Quickstart
Contents
Quickstart¶
After Installation, you can start querying your data using SQL.
Run the following code in an interactive python session, a python script or a jupyter notebook.
0. Cluster Setup¶
If you just want to try out dask-sql
quickly, this step can be skipped.
However, the real magic of dask
(and dask-sql
) comes from the ability to scale the computations over multiple cores and/or machines.
For local development and testing, a Distributed LocalCluster
(or, if using GPUs, a Dask-CUDA LocalCUDACluster
) can be deployed and a client connected to it like so:
from distributed import Client, LocalCluster
cluster = LocalCluster()
client = Client(cluster)
from dask_cuda import LocalCUDACluster
from distributed import Client
cluster = LocalCUDACluster()
client = Client(cluster)
There are several options for deploying clusters depending on the platform being used and the resources available; see Dask - Deploying Clusters for more information.
1. Data Loading¶
Before querying the data, you need to create a dask
data frame containing the data.
dask
understands many different input formats and sources.
In this example, we do not read in external data, but use test data in the form of random event time series:
import dask.datasets
df = dask.datasets.timeseries()
Read more on the data input part in Data Loading and Input.
2. Data Registration¶
If we want to work with the data in SQL, we need to give the data frame a unique name.

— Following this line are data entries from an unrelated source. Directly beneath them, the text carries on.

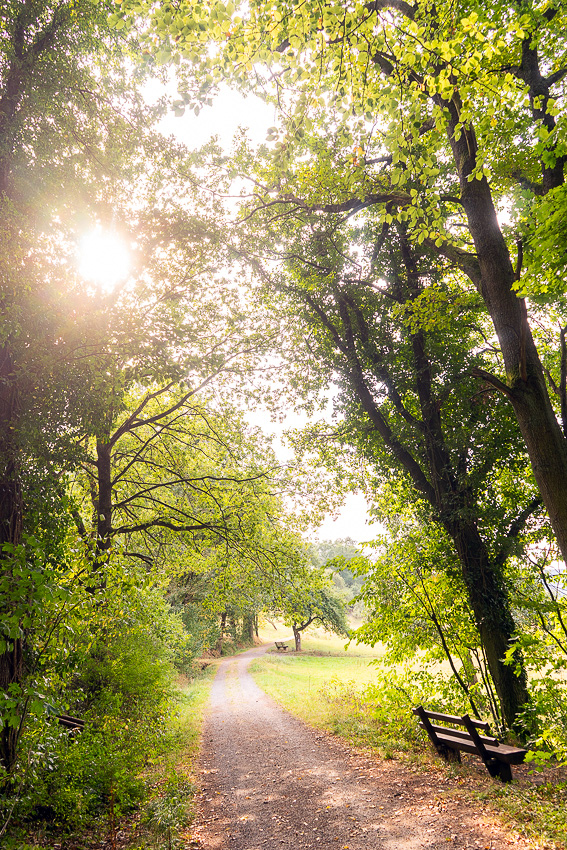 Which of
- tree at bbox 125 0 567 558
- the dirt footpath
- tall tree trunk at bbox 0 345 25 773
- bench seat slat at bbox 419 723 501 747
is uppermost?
tree at bbox 125 0 567 558

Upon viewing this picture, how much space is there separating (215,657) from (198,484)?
30.4 meters

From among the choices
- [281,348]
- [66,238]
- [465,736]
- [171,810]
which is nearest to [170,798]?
[171,810]

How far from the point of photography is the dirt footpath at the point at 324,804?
4727 mm

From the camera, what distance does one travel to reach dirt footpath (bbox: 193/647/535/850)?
15.5ft

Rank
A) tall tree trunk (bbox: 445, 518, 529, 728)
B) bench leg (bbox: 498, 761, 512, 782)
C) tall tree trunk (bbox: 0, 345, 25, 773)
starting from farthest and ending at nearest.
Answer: tall tree trunk (bbox: 445, 518, 529, 728), bench leg (bbox: 498, 761, 512, 782), tall tree trunk (bbox: 0, 345, 25, 773)

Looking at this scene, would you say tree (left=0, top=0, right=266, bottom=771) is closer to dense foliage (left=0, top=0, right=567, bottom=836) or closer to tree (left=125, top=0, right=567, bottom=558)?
dense foliage (left=0, top=0, right=567, bottom=836)

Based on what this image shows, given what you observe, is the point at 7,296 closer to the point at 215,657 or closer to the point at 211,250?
the point at 211,250

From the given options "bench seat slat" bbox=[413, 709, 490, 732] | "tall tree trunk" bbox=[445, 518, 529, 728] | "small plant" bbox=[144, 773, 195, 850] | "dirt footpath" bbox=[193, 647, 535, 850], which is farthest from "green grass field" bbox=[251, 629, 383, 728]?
"small plant" bbox=[144, 773, 195, 850]

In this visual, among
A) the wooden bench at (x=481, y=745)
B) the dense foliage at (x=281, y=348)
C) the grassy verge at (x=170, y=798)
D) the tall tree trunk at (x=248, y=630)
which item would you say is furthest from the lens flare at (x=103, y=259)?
the tall tree trunk at (x=248, y=630)

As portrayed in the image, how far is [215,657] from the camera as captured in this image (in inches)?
1414

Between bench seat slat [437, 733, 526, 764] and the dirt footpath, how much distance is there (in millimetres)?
531

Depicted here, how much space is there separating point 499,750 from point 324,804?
2.56 metres

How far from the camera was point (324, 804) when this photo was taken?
583cm

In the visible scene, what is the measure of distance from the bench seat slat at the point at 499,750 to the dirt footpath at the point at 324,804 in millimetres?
531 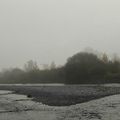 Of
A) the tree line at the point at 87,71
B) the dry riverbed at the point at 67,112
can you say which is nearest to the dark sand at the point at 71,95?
the dry riverbed at the point at 67,112

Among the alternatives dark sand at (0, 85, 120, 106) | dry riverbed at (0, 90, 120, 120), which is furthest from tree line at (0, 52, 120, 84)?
dry riverbed at (0, 90, 120, 120)

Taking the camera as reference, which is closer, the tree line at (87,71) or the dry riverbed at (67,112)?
the dry riverbed at (67,112)

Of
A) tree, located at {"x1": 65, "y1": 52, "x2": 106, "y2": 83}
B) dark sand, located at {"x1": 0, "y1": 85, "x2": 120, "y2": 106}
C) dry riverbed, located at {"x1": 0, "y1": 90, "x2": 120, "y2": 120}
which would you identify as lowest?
dry riverbed, located at {"x1": 0, "y1": 90, "x2": 120, "y2": 120}

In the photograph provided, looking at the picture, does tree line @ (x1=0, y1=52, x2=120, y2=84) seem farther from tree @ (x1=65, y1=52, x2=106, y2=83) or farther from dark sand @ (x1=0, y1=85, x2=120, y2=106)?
dark sand @ (x1=0, y1=85, x2=120, y2=106)

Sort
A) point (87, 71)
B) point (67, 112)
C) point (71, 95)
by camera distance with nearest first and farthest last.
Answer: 1. point (67, 112)
2. point (71, 95)
3. point (87, 71)

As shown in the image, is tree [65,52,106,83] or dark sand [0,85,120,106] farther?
tree [65,52,106,83]

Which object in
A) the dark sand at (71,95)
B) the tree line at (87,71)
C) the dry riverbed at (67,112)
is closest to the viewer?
the dry riverbed at (67,112)

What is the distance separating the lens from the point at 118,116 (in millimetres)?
23969

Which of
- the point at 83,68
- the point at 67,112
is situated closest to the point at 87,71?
the point at 83,68

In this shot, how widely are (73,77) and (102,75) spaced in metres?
14.2

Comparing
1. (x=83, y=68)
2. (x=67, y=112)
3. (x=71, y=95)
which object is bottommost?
(x=67, y=112)

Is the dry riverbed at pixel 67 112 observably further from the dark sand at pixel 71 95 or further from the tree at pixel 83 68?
the tree at pixel 83 68

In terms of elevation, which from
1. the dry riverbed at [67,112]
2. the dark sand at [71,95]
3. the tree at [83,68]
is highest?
the tree at [83,68]

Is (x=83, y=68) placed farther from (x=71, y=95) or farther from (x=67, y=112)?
(x=67, y=112) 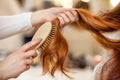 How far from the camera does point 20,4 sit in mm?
2965

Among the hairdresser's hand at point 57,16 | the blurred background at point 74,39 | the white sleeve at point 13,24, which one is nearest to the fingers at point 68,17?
the hairdresser's hand at point 57,16

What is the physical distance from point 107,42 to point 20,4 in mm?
1902

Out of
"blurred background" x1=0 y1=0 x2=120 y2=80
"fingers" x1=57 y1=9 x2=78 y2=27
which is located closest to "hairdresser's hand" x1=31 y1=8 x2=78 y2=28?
"fingers" x1=57 y1=9 x2=78 y2=27

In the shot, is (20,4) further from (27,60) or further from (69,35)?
(27,60)

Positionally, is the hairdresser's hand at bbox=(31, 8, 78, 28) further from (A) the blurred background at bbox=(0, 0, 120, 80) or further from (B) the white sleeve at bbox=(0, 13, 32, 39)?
(A) the blurred background at bbox=(0, 0, 120, 80)

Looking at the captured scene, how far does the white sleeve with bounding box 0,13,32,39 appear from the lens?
1.34 metres

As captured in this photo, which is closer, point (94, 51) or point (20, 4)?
point (94, 51)

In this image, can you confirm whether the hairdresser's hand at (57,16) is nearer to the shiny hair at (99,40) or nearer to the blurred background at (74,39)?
the shiny hair at (99,40)

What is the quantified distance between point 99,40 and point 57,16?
0.61ft

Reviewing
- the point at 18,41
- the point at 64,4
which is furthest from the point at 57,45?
the point at 18,41

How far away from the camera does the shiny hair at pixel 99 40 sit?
1137 mm

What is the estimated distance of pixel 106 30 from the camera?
1193mm

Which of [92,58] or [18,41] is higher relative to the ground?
[18,41]

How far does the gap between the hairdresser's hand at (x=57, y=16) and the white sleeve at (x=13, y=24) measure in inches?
1.8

We do this by registering the data in an instance of a Context
:
from dask_sql import Context
c = Context()
c.create_table("timeseries", df)
from dask_sql import Context
c = Context()
c.create_table("timeseries", df, gpu=True)
From now on, the data is accessible as the timeseries
table of this context.
It is possible to register multiple data frames in the same context.
Hint
If you plan to query the same data multiple times, it might make sense to persist the data before:
c.create_table("timeseries", df, persist=True)
c.create_table("timeseries", df, persist=True, gpu=True)
3. Run your queries¶
Now you can go ahead and query the data with normal SQL!
result = c.sql("""
SELECT
name, SUM(x) AS "sum"
FROM timeseries
WHERE x > 0.5
GROUP BY name
""")
result.compute()
dask-sql
understands a large fraction of SQL commands, but there are still some missing.
Have a look into the SQL Syntax description for more information.
If you are using dask-sql
from a Jupyter notebook, you might be interested in the sql
magic function:
c.ipython_magic()
%%sql
SELECT
name, SUM(x) AS "sum"
FROM timeseries
WHERE x > 0.5
GROUP BY name
Note
If you have found an SQL feature, which is currently not supported by dask-sql
,
please raise an issue on our issue tracker.